### PROVIDED DATA
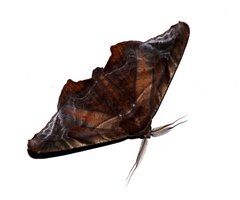 Episparis tortuosalis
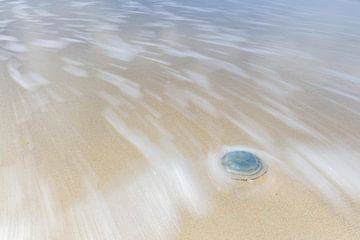 Blue jellyfish on the beach by Heidi Bol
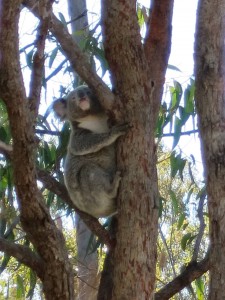 Koala in a tree just waking up. 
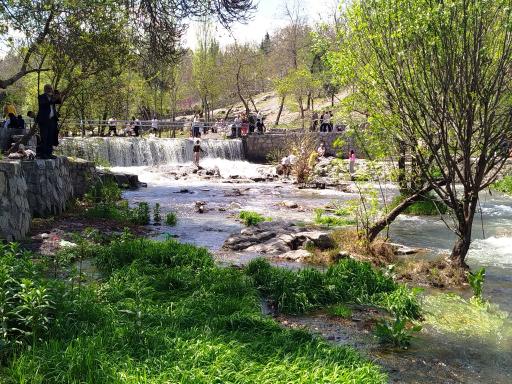 عکس پارک جنگلی وکیل آباد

### DIRECTIONS
Transcribe the data completely. No pictures should appear in the transcription.

### SOLUTION TO THE EXERCISE
 Episparis tortuosalis
 Blue jellyfish on the beach by Heidi Bol
 Koala in a tree just waking up. 
 عکس پارک جنگلی وکیل آباد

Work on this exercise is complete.